There was a period during the war when I associated habitually with criminals.2 I cannot say that I found anything peculiarly dislikeable about them. They fell into various classes. There were debtors who had been ordered by a judge to pay more than they possessed and had therefore been sent to prison for contempt of court. There was a rich, blind lawyer, seventy years of age, who had gone to gaol for bigamy. There was a fine, upstanding solider who had been sentenced with

what he thought undue severity for returning five minutes late from leave and had thereupon vowed that he would not do another hand’s turn of fighting for the authorities: in order to keep this vow, he had made a point of stealing whisky whenever he was released from prison, which, however, occurred with increasing rarity. Then there was a fat, cheerful, good-natured fellow, who was a connoisseur in prisons and always chose his gaol with care; his reason for a criminal career was that only in prison could he escape from his wife.

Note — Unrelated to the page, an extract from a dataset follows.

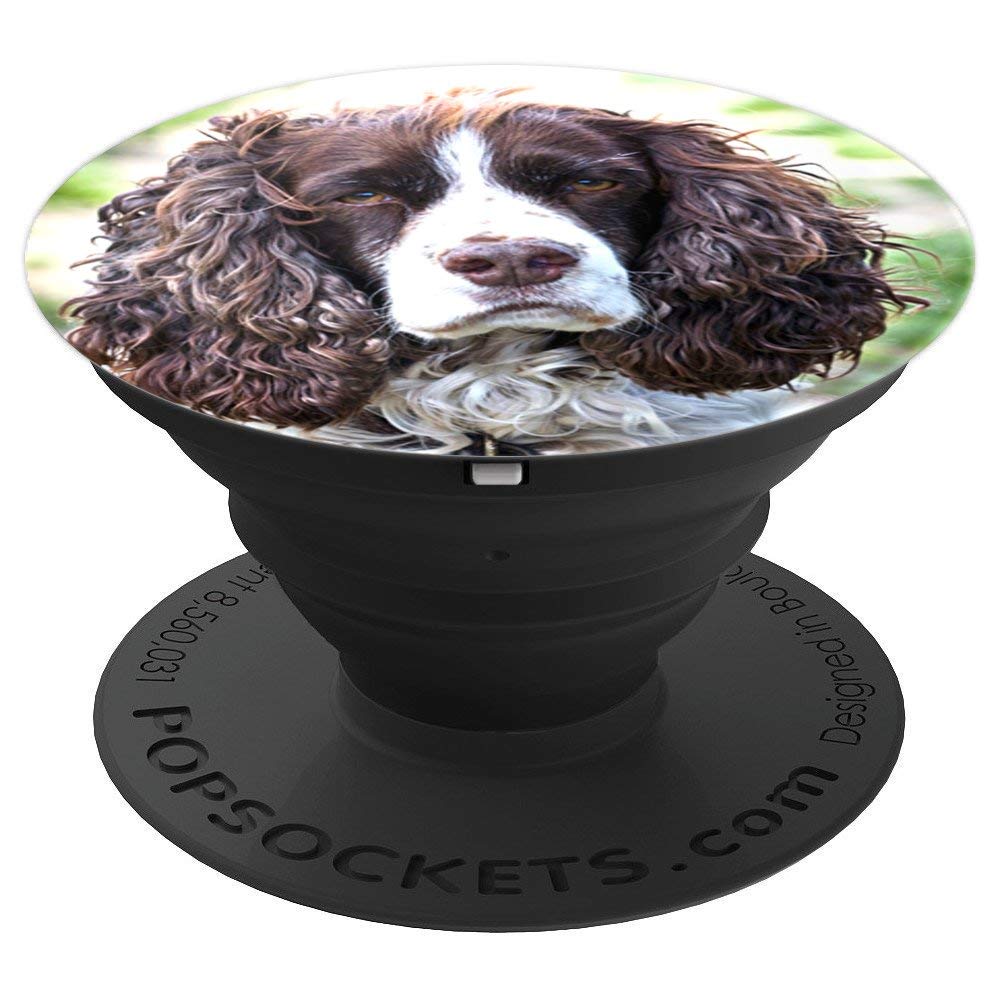 Beautiful Cute Springer Spaniel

Then there was a man who had been for seventeen years an officer of the Salvation Army, whose boy had been fined for coming late to school; the Salvationist considered that the fine had been inflicted from malice and therefore refused to pay it; he was, however, persuaded that the Lord had led him to that place for a wise purpose. In addition to these desperate ruffians, there were three members of the Soviet Government and a large number of men who considered it their duty to obey the precepts of the Sermon on the Mount.3 On the whole, the people I met in prison seemed to me more agreeable companions than the members of the best clubs.